The mood of the audience was unmistakably celebratory and anticipatory Friday night as Jose-Luis Novo wrapped up his first full season at the helm of the Annapolis Symphony Orchestra.

It seemed fitting that the concert began with a salute to Mozart's 250th birthday - an event celebrated this season at Maryland Hall for the Creative Arts with the first collaboration of the symphony with the Annapolis Opera in the production of The Magic Flute.

Under Novo, the overture sounded even more polished, spirited and balanced than when conducted by Ronald Gretz of the Annapolis Opera.
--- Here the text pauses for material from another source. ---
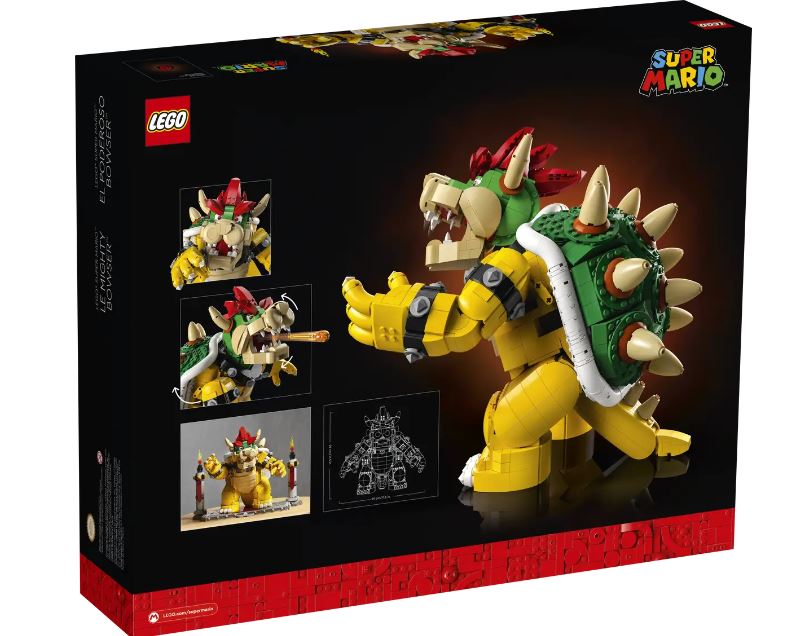 LEGO The Mighty Bowser™ 71411 | STEM Education | Spatial Engineering | Dexterity Therapy | Special Parts Kit | K12 Education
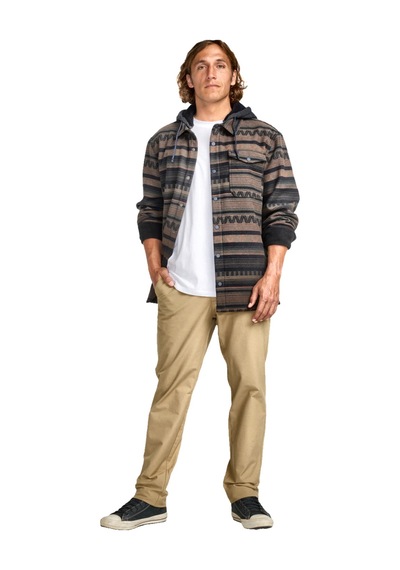 Bıllabong Billabong Furnace Bonded Flannel Erkek Siyah Gömlek Blk SIYAH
Commissioned in 1999 by the Curtis Institute, contemporary composer Jennifer Higdon's "blue cathedral" was inventive, melodic and touching. The neo-romantic work was filled with surprises, such as the 33 chimes that represented the age of her younger brother when he died. And golf-ball-sized Chinese balls made what Higdon described to the Pittsburgh Symphony last year as "sounds of stars."

Flute and clarinet were prominently featured because Higdon and her brother played those instruments, respectively, in high school.

The major work of the evening was Beethoven's Symphony No. 9 in D Minor, his last and longest, and considered his greatest masterpiece. The hourlong-plus piece extols peace and the brotherhood of mankind.

In a radio interview broadcast last month on WCBM-radio's Capital Conversations, Novo said he was grateful for the opportunity to conduct it.

"This work won't be done again for five or seven years," Novo said. "I got lucky as the new director to get to coordinate the instrumentalists and singers."

The symphony opened with the Allegro movement in sonota form, which combined a dark quality with fragments of the theme that grew into a familiar and majestic melody. The second molto vivace movement echoed the first movement in fugal form with propulsive rhythm that was well-executed. This was followed by the slower Adagio movement, where the orchestra expressed great lyricism with the winds and strings meeting the challenges of playing almost constantly.

Although the orchestra played impressively, the piece did not catch fire until the Annapolis Chorale joined in to sing a spirited "Ode to Joy." The music had fervor and emotion, and Novo did an excellent job of balancing orchestra and chorus so that none of the magnificent singing was obscured.

Four soloists delivered all that was required, with mezzo soprano Jane Dutton and tenor Dinyar Vania offering outstanding performances. Baritone Kenneth Overton offered some memorable passages. Only soprano Kishna Davis did not seem to sing up to her usual high standards.

Still, it was stirring when the chorus sang Friedrich Schiller's words: "Seid umschlungen, millonen! Diesen kuss der ganzen welt!" Or, "You are embraced, you millions! This is a kiss for the whole world!"

The audience responded with a prolonged standing ovation. While I would have preferred that Annapolis Chorale director J. Ernest Green, who rehearsed the chorus, be given separate recognition when he joined the group in a final bow, the concert was still a wonderful way to end a memorable season.